### SOURCE MATERIAL
• • • •
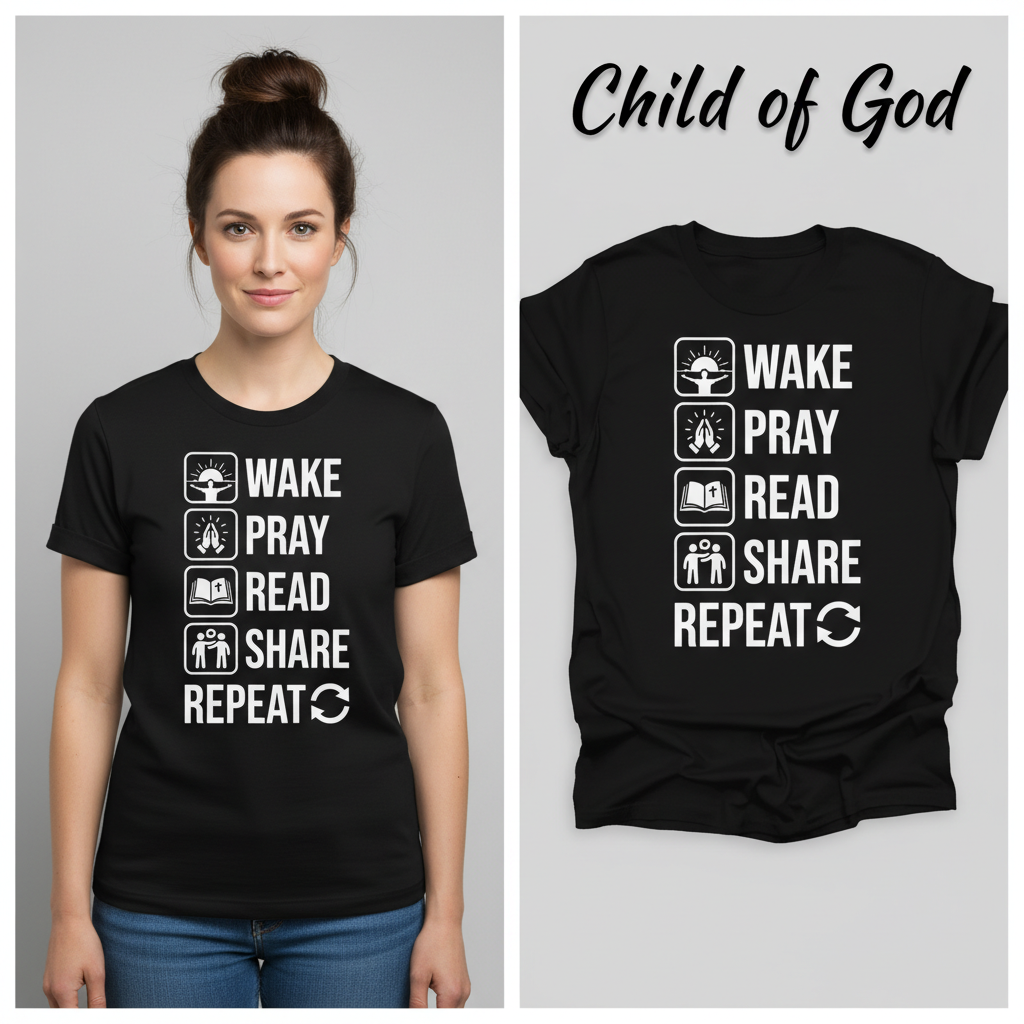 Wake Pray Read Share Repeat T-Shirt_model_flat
• • • •
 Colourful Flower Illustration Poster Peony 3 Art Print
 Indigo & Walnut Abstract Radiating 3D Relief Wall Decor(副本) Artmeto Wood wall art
• • • •
### WHAT THE TASK REQUIRES
Send back an exact copy of only the lines from the line with "Colourful Flower Illustration" up to and including the line with "Indigo & Walnut" in the data above.

### RESPONSE TO THIS TASK
 Colourful Flower Illustration Poster Peony 3 Art Print
 Indigo & Walnut Abstract Radiating 3D Relief Wall Decor(副本) Artmeto Wood wall art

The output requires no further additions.